Hall No (H5),
Xavier’s Centre of Historical Research, Alto Porvorim, Goa
The new Southern-led IFIs, the New Development Bank (NDB) set up by the BRICS, and the 57 member Asian Infrastructure Investment Bank (AIIB) (of which BRICS members control 43.29% of the vote), have moved fast to set up and are starting to lend across the world. While the rhetoric of these new banks has been the need to transform the global financial system and a rejection of the Western dominated Bretton Woods institutions, since their set up the banks have been using the language of cooperation and collaboration with existing IFIs, not competition or transformation.
Both t he new banks have gone ahead and announced loans of $911 million (NDB) and $509 million (AIIB) without having a full set of safeguard and independent oversight policies in place.
What is the role and position of social movements and civil society across BRICS countries and Asia in monitoring and critiquing these new banks?
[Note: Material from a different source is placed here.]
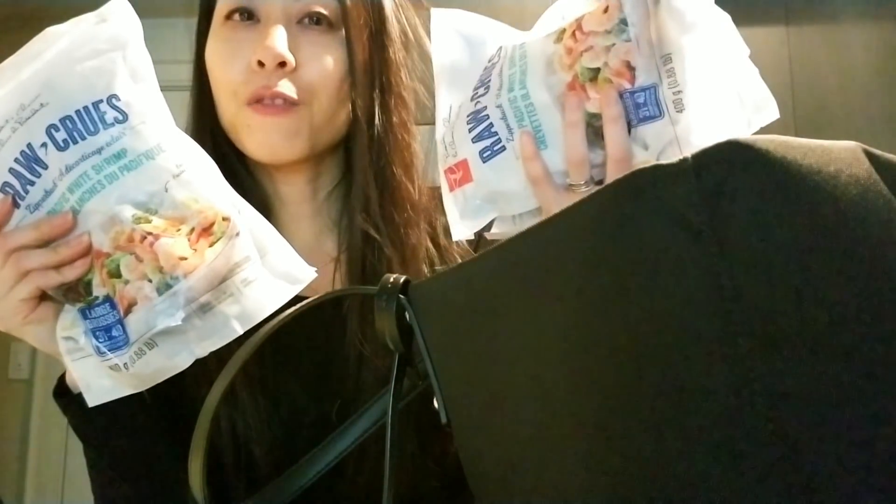I picked up some corn on the cob, a couple of kiwis — I have been craving kiwis lately. These are still a bit hard though so it's going to be at least a couple of days before I can eat them. I also picked up three packages of frozen shrimp and finally just some plain yogurt, the 3.8%.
What lessons can be learned from the long history of struggle against IFIs over the past decades? What should be our position and demands on key areas of policy of these new banks, including public information and disclosure, environmental and social safeguards, independent grievance redressal procedures, energy and sustainability, and consultation and engagement with civil society and project-affected communities?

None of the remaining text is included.